Information shown: Begin
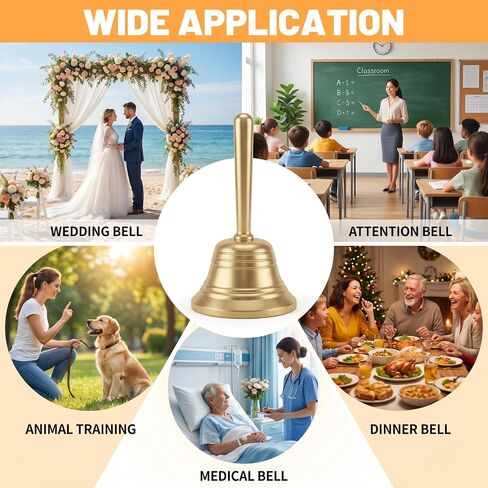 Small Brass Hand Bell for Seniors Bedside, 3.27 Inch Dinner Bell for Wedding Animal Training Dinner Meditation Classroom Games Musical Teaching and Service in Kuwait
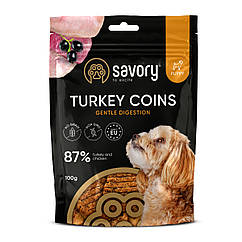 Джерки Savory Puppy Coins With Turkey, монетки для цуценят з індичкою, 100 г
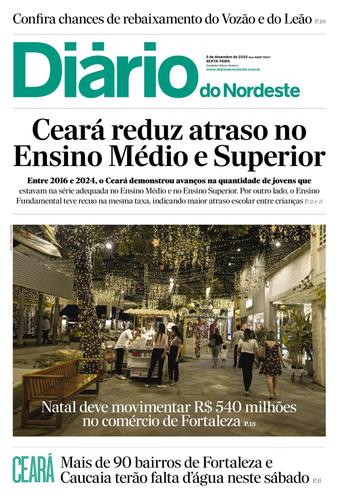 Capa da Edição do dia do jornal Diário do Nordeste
Information shown: End
▶ **What you should do**
Restate every line above exactly, omitting images.

▶ **Output of the exercise**
 Small Brass Hand Bell for Seniors Bedside, 3.27 Inch Dinner Bell for Wedding Animal Training Dinner Meditation Classroom Games Musical Teaching and Service in Kuwait
 Джерки Savory Puppy Coins With Turkey, монетки для цуценят з індичкою, 100 г
 Capa da Edição do dia do jornal Diário do Nordeste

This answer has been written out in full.